I know I have an over-active imagination but Northern Wales really felt like this wild, mythical land. Maybe because they actually have a DRAGON on their flag, maybe because this is what greeted us that first night. The light was this crazy red color and it was cold and the wind was blowing. We walked up the hill a little bit and found a pub called the King's Head for dinner. We walked in from the windy, dark night and found a wood fire burning. It felt like a cabin, all warm and snuggly. I had this delicious chilly, it had a little different flavor in it that I couldn't place until Emilee identified it as ginger . . . surprisingly, it was a good addition! That night we ended up going to a male voice choir concert at a local church . . . the Welsh are very into singing. Actually, the Mormon Tabernacle Choir was started by a Welsh immigrant.
The next day we headed west to Snowdonia National Park. Our goal was to ride this train to the top of Mt. Snowdon. We paid 5 pounds and got an unlimited day pass for the area and began our journey. Taking a train would have been faster but we decided that if we took a bus we would be able to see a lot more, and we did. We drove to many remote little towns and up into the mountains. It was beautiful. When we got to the little village that has the train to the top of Mt. Snowdon we discovered that the train was closed for the next few days. We were disappointed but the bus driver directed us to a few sights instead. The picture above is of a lake high in the Welsh mountains. It was gorgeous, wide open spaces were just what I needed.

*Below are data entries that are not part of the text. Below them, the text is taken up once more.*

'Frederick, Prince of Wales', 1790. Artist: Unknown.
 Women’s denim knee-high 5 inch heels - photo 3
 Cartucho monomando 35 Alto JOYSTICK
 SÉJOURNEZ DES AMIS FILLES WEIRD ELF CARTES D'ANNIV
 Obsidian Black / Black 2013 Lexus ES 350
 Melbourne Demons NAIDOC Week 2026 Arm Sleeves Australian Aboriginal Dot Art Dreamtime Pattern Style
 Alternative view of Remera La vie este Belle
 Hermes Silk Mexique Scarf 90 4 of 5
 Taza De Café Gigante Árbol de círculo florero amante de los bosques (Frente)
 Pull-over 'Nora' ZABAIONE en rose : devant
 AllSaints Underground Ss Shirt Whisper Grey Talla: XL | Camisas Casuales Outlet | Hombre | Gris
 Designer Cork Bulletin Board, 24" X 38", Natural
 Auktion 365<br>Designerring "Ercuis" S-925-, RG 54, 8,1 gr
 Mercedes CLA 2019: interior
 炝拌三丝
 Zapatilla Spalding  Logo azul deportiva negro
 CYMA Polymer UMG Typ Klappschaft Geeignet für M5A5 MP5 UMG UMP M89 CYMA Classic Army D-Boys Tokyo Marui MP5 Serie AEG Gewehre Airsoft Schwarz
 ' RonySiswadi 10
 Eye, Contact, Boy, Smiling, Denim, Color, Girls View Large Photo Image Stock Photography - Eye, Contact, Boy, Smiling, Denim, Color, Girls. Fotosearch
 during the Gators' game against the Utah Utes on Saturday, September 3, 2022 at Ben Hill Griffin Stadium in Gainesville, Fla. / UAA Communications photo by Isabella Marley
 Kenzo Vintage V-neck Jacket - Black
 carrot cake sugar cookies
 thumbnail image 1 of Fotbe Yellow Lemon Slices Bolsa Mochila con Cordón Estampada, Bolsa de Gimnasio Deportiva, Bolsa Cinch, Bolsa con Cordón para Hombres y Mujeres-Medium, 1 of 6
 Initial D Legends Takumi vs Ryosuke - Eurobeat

We visited a Slate Museum while we were waiting for a bus to another part of the National Park. Hillary is posing in the foreground and you can see Katie walking behind her. Slate is a huge industry for Wales, a lot of the homes still have slate roofs!

We caught another bus up to one of the mountain passes. This picture really doesn't give the scenery justice but we were in a bus so there wasn't much time to get a good picture. You might be able to see a stream on the left side of the picture. These streams were everywhere and I haven't seen anything really like it, you would just look out and see water running down the steep hills everywhere!

Me and Mt. Snowdon, the second tallest mountain in the UK at 3560 feet. It sounds wimpy, but once you see it you realize that it's a real mountain. Sir Edmund Hillary actually used it in his training for Mt. Everest, hey, you use what you've got.

We just rode the buses all day, getting off at little villages and explored. Here is a view of one of the villages with a backdrop of mountains.

Mountain village with a raging river.

Our mascot for the trip was Rick . . . Rick Steves that is. Hillary and Rick are giving us some interesting facts at this point while Katie and Emilee listen excitedly.

Caernarfon castle and the Welsh flag.

Emilee, Hillary, and Katie storming the castle. We saw North Wales in one day . . . and on only 5 pounds. That was the best 5 pounds I have ever spent!

That night we warmed up with some hot chocolate made in our hostel room. Our hostel was really, really nice. Actually, it was more like a bed and breakfast, with pictures of the owners' family and feather pillows and leather couches and satellite TV (used only at night of course, everything closes down at 6 pm still) . . . only for the price of a hostel, it was great. The hot chocolate, not so great, it was bitter dark chocolate and most of it got dumped down the sink.

The next day, Saturday, we decided to take "The Great Orme Tramway" in Llandundo up the hill.

A view up the hill, you can see the King's Head, where we ate dinner the first night, on the left side. It was windy and cold before we started our journey and it was REALLY windy and cold when we got to the top.

Me trying to stay warm in the tram.

A view from the top of the hill. We had mountains on this side and the ocean on the other. And the wind was crazy! I don't have any pictures on my camera but it was actually blowing us over. I have never been in wind that strong before! We were able to lean at a 45 degree angle and have the wind hold us up . . . as soon as I get pictures from the rest of the crew I'll post them.
We spent the rest of the day in Conwy. We explored the great castle there and then wandered the food festival they were having. The trip was a good break from school and North Wales will always hold an enchanting place in my heart. It sounds cheesy I know but I just can't explain how much I loved it!